There’s also no package caching across venvs(?). Every time I have to install something AI it’s the same 2GB torch + few hundred megabytes libs + cuda update of downloads again and again. On top of that, python projects love to start downloading large resources without asking, and if you ctrl-c it, the setup process is usually non-restartable. You’re just left with a broken folder that doesn’t run anymore. Feels like everything about python’s “install” is an afterthought at best.
Unless you've configured `pip` in a special way, I don't think this is true? All invocations of `pip` across different environments should share the global HTTP cache, which you can confirm with `pip cache dir`.
(What `pip` can't cache is the actual extraction of distributions between venvs, because distribution installation sometimes includes arbitrary code. So you might be hitting that, but you should never need to re-download the same wheels or sdists while the cache is hot.)
But I usually let things as they are, and never touched pips settingss. If my intervention is required, it is different from ”works out of box”. In my AI cases I’ve seen one of the pips picking from where it stopped occasionally (rare cases where you can re-setup), but that doesn’t go across projects.
The fact that I’m on windows and have four different python installations may add to this issue, but I’m pretty sure and aware which `which python` I’m using when. AI projects tend to download their own minicondas, but it’s unclear why they don’t share a cache (if that’s the issue even). Anyway, windows or not, out of box user experience is barely acceptable.
All my installations including all "condas" known to me return
c:\users\user\appdata\local\pip\cache
I just tried to unpack and install the same `text-generation-webui-main` that I installed yesterday and it started to download 2.5gb torch at 12mb/s eta 0:03:07. I made screenshots for those who will claim it's not true. There was also a full ready-to-use in advance 2.5gb file in pip\cache\http\...\...\...\{hashfilename}, which is very fun to navigate to btw. I interrupted the download and activated this new environment:
[prompt] cd text-generation-webui-main
[prompt] installer_files\conda\condabin\conda activate installer_files\env
[prompt] pip cache dir
c:\users\user\appdata\local\pip\cache
Honestly, I don't know what's happening there. My only other guess is that the wheel you're downloading is so big that it somehow busts `pip`'s cache, meaning that you end up always re-downloading it. But I'm not sure there's even a cache limit like that.
It sounds like this might be a bug, either in `pip` or in the caching middleware it uses. You should consider filing a bug upstream with your observed behavior.
Edit: 2.5GB is coincidentally just over the maximum i32 value, so it's possible this is even something silly like a `seek(3)` or other file offset overflowing and resulting in a bad cache.
Edit 2: `pip` is using `CacheControl`, which I maintain. I suspect what's happening is that `CacheControl`'s underlying use of `msgpack` is failing above stores of `2^32 - 1` bytes in individual binary objects, since that's the `msgpack` limit.
It would be nice if all packages (and each version) were cached somewhere global and then just referred to by a local environment, to deduplicate. I think Maven does this.

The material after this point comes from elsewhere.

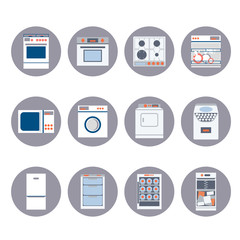 Flat design set icons of home appliances.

The downloaded packages themselves are shared in pip's cache. Once installed though they cannot be shared, for a number of reasons:
- Compiled python code is (can be) generated and stored alongside the installed source files, sharing that installed package between envs with different python versions would lead to weird bugs
- Installed packages are free to modify their own files (especially when they embed data files)
- Virtualenv are essentially non relocatable and installed package manifests use absolute paths
Really that shouldn't be a problem though. Downloaded packages are cached by pip, as well as locally built wheels of source packages, meaning once you've installed a bunch of packages already, installing new ones in new environments is a mere file extraction.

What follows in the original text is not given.